Steven is up before dawn brewing coffee in the comfortable kitchen under the tarp, the stacked totes holding the propane stove fed from a tank.  After a breakfast of ham and eggs and oranges, the second day’s commander sets a departure time of 10:30, allowing for more organization of gear and food, for easy access, for striking and packing of camp, for the hallowed ritual of Murray’s reading of his “pomes”—brief verse chronicles of the previous day’s events.


Then a surprise addition to the program.  Peter U. teaches and leads us in a fifteen minute session of Tai Chi warmup exercises, a circle of graceful movement that mirrors the circle of surrounding cliffs beside the river’s silent flow.  This will be repeated every morning of the trip just before departure, providing a brief interlude of group solemnity and meditation.


We navigate with the help of Belknap’s River Guide, a well-designed book of maps on waterproof paper that opens to double vertical pages covering sections of the river’s shifting downstream progress in great detail. But, it provides little useful information about campsites, since sandbars and beaches constantly change.


After full-group deliberation the landing location is finally decided by the map holder on short notice since there is no standing still and the canoes need to fight the current, especially on the curves, in order to reach the beach. Places to avoid include those with high banks, excessive mud, claustrophobically close and high walls, and lack of clearance from the bug-infested tamarisk groves. Our route is 97 miles long, roughly 15 per day allowing for one day’s layover.
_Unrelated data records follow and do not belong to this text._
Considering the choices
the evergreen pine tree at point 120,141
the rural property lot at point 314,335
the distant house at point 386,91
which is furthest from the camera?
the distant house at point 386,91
The winding passage through the canyon seems like a journey through an endless corridor of carved arches, alcoves, columns and bas-reliefs depicting Egyptian gods, Assyrian cherubs and Mayan glyphs, all joined at the top by a continuous cornice.


(Peter Behr photo)


(Peter Behr photo)

Steven and Peter B. are reminded of the reconstructed temples they visited as children in New York’s Metropolitan Museum of Art. All primal visual art, with its symmetry, variation and fantasy seems to have arisen, under appropriate stimulus, from imitation of natural forms like these.
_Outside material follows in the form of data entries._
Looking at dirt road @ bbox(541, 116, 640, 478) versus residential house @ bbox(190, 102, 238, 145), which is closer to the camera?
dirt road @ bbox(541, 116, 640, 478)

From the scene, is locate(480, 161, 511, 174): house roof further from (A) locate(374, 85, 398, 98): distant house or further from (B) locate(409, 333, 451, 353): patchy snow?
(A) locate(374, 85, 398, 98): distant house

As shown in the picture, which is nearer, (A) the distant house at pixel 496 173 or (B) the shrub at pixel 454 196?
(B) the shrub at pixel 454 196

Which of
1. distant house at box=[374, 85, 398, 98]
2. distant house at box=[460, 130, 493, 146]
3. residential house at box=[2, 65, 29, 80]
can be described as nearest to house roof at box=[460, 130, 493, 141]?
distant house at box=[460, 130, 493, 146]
The midday sun requires regular replenishment of sunscreen and frequent swimstops on sandbanks.  At 3:00 p.m. we haul out 15 miles from June’s Bottom at Spring Canyon Point, an impossibly tight turn of the river that forms part of the quadruple switchback that John Wesley Powell named “Bowknot Bend.”  It’s still hot enough that any bit of shade is treasured. I sit in the doorway of the tent, a location repeatedly mentioned in the Bible, and now I know why.  The last of the Green River melon left in the cooler is distributed to laughing swimmers who ride the current and walk back upstream to repeat the fun.


(Allan Best photo)

With the exception of one, the bodies of these men show the effects of wear and gravity.  They’ve lost their youthful grace, but in this setting, they shine with confidence.
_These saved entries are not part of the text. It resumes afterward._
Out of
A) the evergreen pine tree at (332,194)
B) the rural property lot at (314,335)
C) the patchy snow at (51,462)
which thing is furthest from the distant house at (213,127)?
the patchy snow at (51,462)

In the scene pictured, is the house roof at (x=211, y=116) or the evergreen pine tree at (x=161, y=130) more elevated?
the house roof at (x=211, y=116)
Downwind and decently far from the kitchen, Peter U. sets up the “Groover,” a heavy steel device that all river runners are required to rent in order to store and pack out their solid human wastes, for both ecological and aesthetic reasons since campsites are small and rare.  Topped with a removable toilet seat when set up which is replaced by an odor-proof seal during transport, it’s efficient and agreeable to use.


(Allan Best photo)

Happy hour, oiled by a modest ration of rum, is followed by dinner prepared by Allan our diligent head chef.  It includes tacos, refried beans, brown rice, salsa, and fresh guacamole.



to be cast off  ready
by ten fifteen am
after top grade ham ‘n eggs
with no rickin’ it
is to be able
to pass by geology notes
of five miles one way
nine miles another
to  end up only
quarter mile from beginning
gives design flaws
and abandoned moments
to end with memories
of taiku for peter

sixty eight trivia
reveals more canadian american rivalry
than is hidden
by a black box
over lsd memories

taiku for peter

float beyond tai chi
lotus blossom giving peace
silent hands reveal

Murray th K.

September 19

An early departure is demanded by today’s leader, after breakfast of coffee, cold cereal and stewed dried fruit, our pome reading, and a session of Tai Chi warmups that seems to do more for arthritis than my usual morning hot bath and dose of Ibuprofen.  (Later I wonder whether this relief was actually due to the desert climate.)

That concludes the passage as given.